EXERCISE GOAL
Please repeat the data exactly. Any picture in it stays out.

--------------------------------------------------

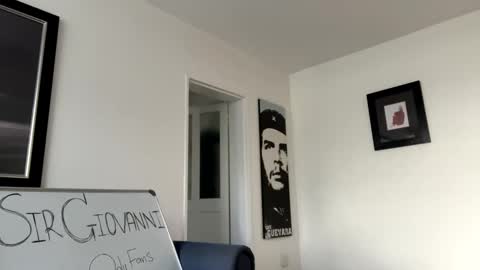 Giovanni online show from 02/23/25, 04:02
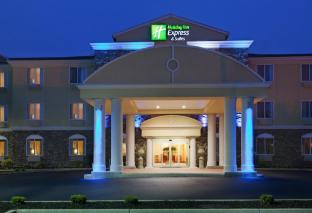 Holiday Inn Express Hotel & Suites Swansea By Ihg,Providence>>Bristol,4 star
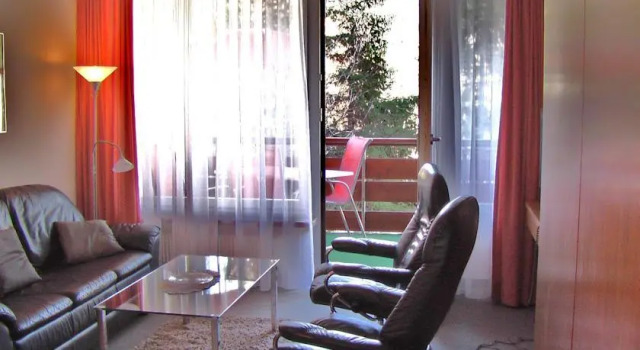Barga Studios & Apartment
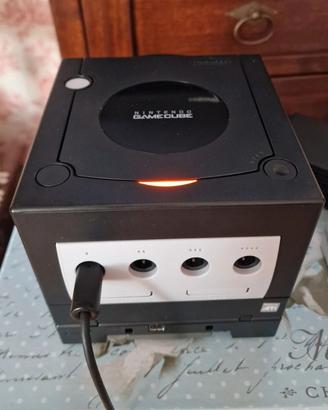 Nintendo GameCube DOL-001 + GameBoy Player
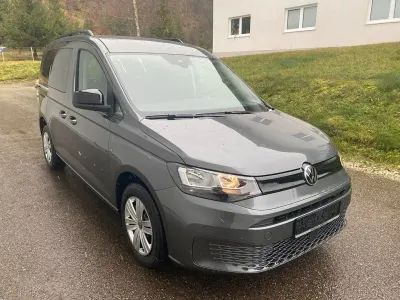 Neu VW Caddy Family 116 PS (85 kW) 2026 Grau Van / Kleinbus
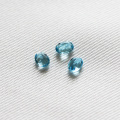 ブルートパーズ　約３ｘ４mm　オーバルカット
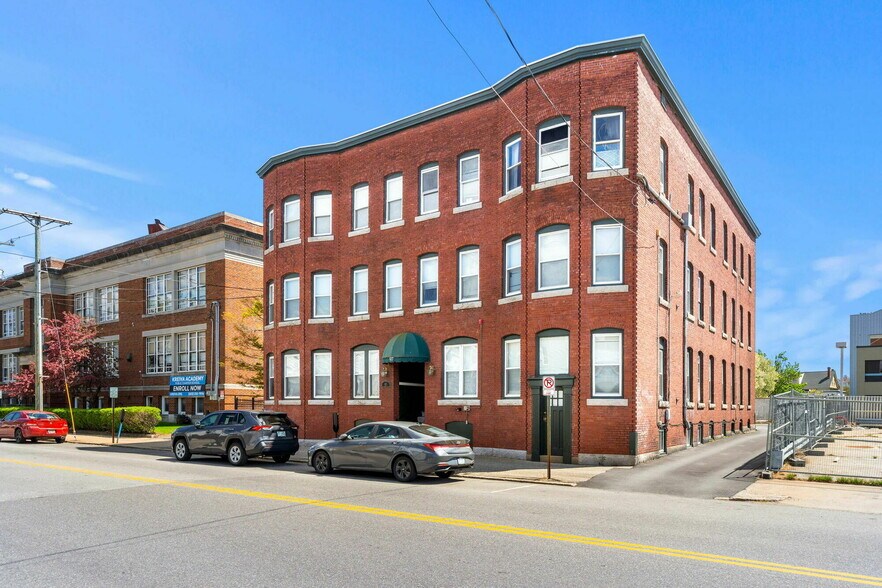 More Photos Of 97 Bridge St, Manchester Apartments For Sale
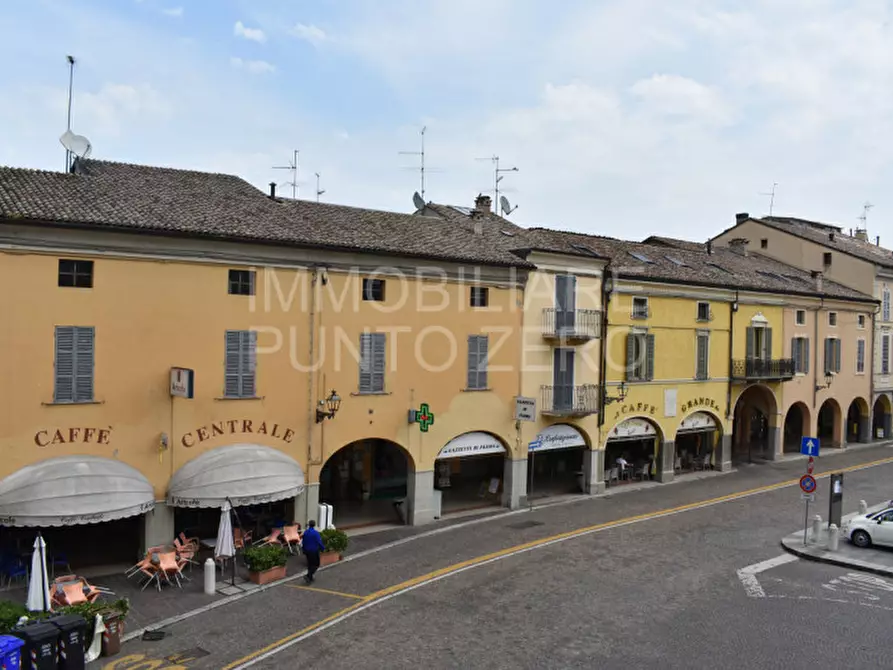 Immagine 3 di Ufficio in vendita  in Piazza Garibaldi a Soragna
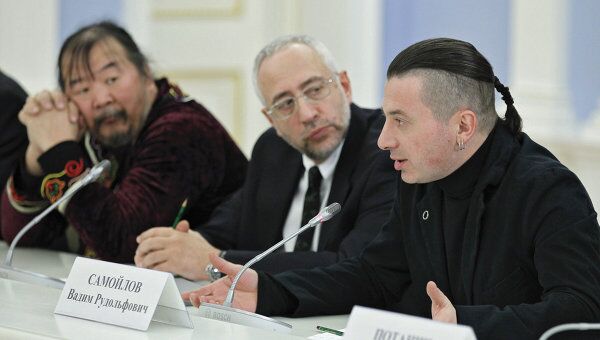 Член Общественной палаты Вадим Самойлов (справа)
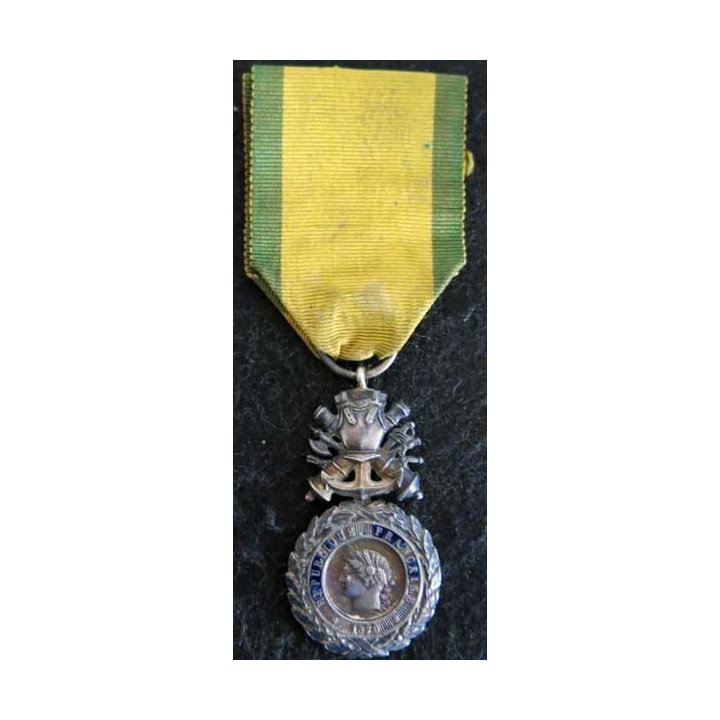 FRANCE : médaille militaire 3° république avec défaut d'émail au revers ruban défraichi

--------------------------------------------------

ANSWER TO THIS PROBLEM
 Giovanni online show from 02/23/25, 04:02
 Holiday Inn Express Hotel & Suites Swansea By Ihg,Providence>>Bristol,4 star
Barga Studios & Apartment
 Nintendo GameCube DOL-001 + GameBoy Player
 Neu VW Caddy Family 116 PS (85 kW) 2026 Grau Van / Kleinbus
 ブルートパーズ　約３ｘ４mm　オーバルカット
 More Photos Of 97 Bridge St, Manchester Apartments For Sale
 Immagine 3 di Ufficio in vendita  in Piazza Garibaldi a Soragna
 Член Общественной палаты Вадим Самойлов (справа)
 FRANCE : médaille militaire 3° république avec défaut d'émail au revers ruban défraichi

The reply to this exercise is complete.